By Katherine Corcoran, Associated Press
On a steamy, late-summer day near the Salvadoran coast, more than 100 police working an intelligence tip scoured a near-vacant cattle ranch the size of 42 Manhattan blocks.
Using probes and backhoes, they unearthed two plastic storage drums packed with U.S. dollars. It took three days to count the $20s, $50s and $100s — which added up to more than $10 million. A third barrel was excavated a week later from beneath a patio in an upscale San Salvador suburb, for a total of $14.5 million.
Though questions remain, the stash may be Mexican drug cartel money. One of the two Guatemalan ranch owners allegedly had ties to the leader of a Guatemalan branch of Mexico’s Gulf Cartel, who is serving a 31-year sentence for drug trafficking in the U.S.
Mexican drug cartels now operate virtually uninhibited in their Central American backyard.
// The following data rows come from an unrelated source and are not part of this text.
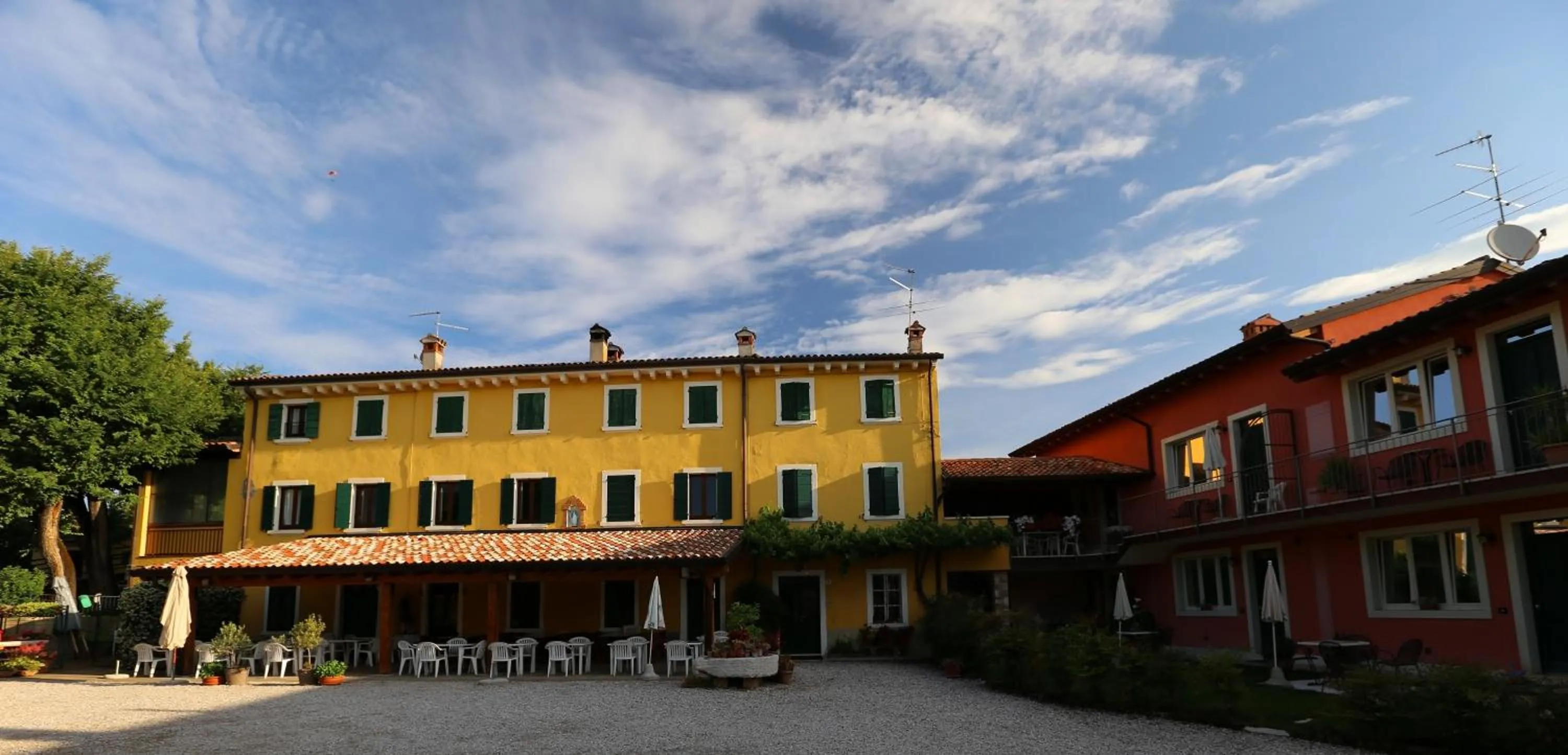 Property building in Corte Valesana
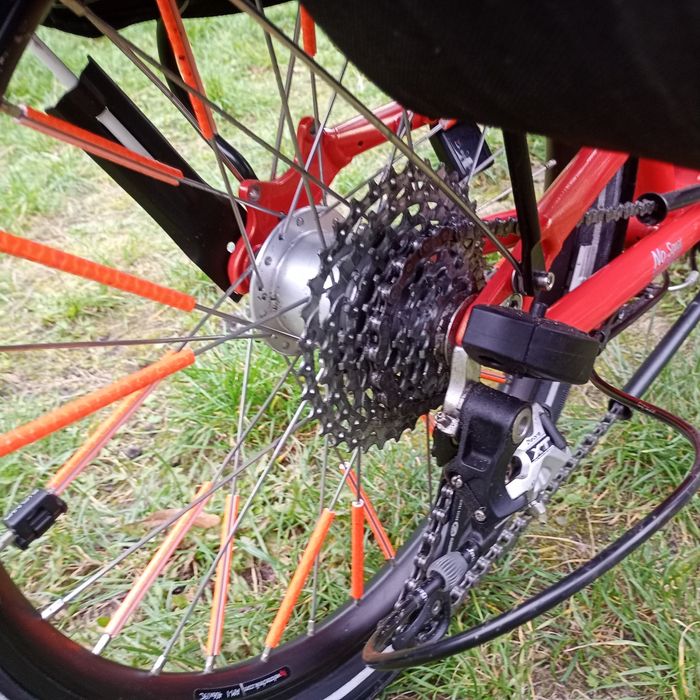 Rower poziomy trójkołowy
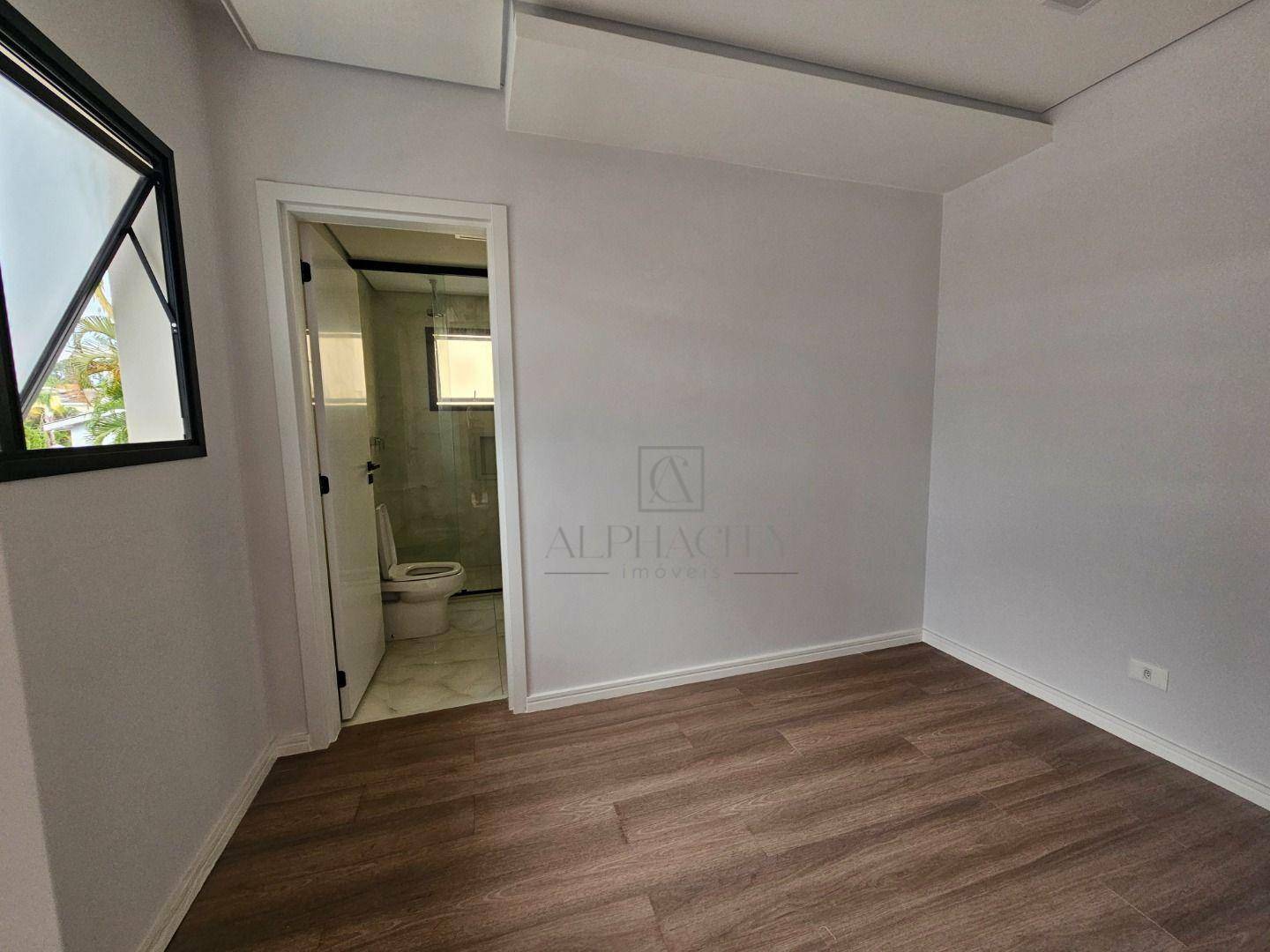 Casa de Condomínio à venda com 3 quartos, 310m² - Foto 6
U.S.-supported crackdowns in Mexico and Colombia have only pushed traffickers into a region where corruption is rampant, borders lack even minimal immigration control and local gangs provide a ready-made infrastructure for organized crime.
“The cartels are clear on the possibilities for using El Salvador as a place to launder money or to transport it south to pay for their drugs,” National Police deputy director Howard Cotto told The Associated Press in an interview.